Mariss Jansons took care of Monday. With no baton and an open score that he barely looked at, Jansons traced a patient opening Andante for Mendelssohn's Scottish Symphony, gesturing sparely, bringing out the radiant Viennese horns, and urging on the agitated main allegro without pushing too hard. The scherzo was more busy than elfin, the Adagio best where the violins or cellos took the lead, and the finale trim but unremarkable. Great music, good playing, clear thinking (albeit with the occasional adjusted dynamic) – and that was about the measure of it.

Jansons's lean, "plain Jane" approach suited the imaginative tailoring of Haydn's Symphony No 97 in C rather better. And when did you last notice sul ponticello strings in the Adagio ma non troppo movement?

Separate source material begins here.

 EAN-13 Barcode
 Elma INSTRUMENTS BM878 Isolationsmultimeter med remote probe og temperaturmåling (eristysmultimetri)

Last up on Jansons' official schedule was Stravinsky's 1919 Firebird Suite, a little loud and plodding to start with, and I've heard Kashchei's "Infernal Dance" sound more reckless, but the transition from the Lullaby to the Finale was magical. Always a canny choice for a closing item, Stravinsky's finale psyched up the capacity audience for two encores, Dvorak's 15th Slavonic Dance, which was fast but faceless, and a rousing account of Prokofiev's "Death of Tybalt", in which Prokofiev's metrical timpani death throes were bizarrely distorted.

I'd expected even more musical distortion the following night, when Christian Thielemann took to the rostrum, but was very pleasantly surprised, at times even inspired. Once a shameless Furtwängler clone, Thielemann has become his own man, and he conducts entirely from memory. He stirred a vigorous baton through the main body of Mendelssohn's A Midsummer Night's Dream Overture, toing and froing between divided violin desks (Jansons sat them next to each other) and conjuring a saintly slow-motion coda. After the savage brass motive that opens Richard Strauss's Die Frau ohne Schatten Suite, Thielemann intensified the score's blossoming string lines with the skill of a true master. True, Strauss's Ein Heldenleben ventured momentarily over the top towards the end of a very loud "Hero's Battlefield", but was otherwise played magnificently with disciplined affection, especially by violinist Rainer Honeck, who, in "The Hero's Courtship", balanced sweetness and caprice to perfection.

On a bad night, Ein Heldenleben can sound banal, even tawdry, but not on this night. I sensed a great conductor in the making, shedding old excesses and putting the music first. The encore – just one this time – was from Strauss's Capriccio, brief but beautiful and sure proof that the orchestra was following Thielemann to a man. And, just occasionally, to a woman. I counted four on Monday. The previous night, there had only been one.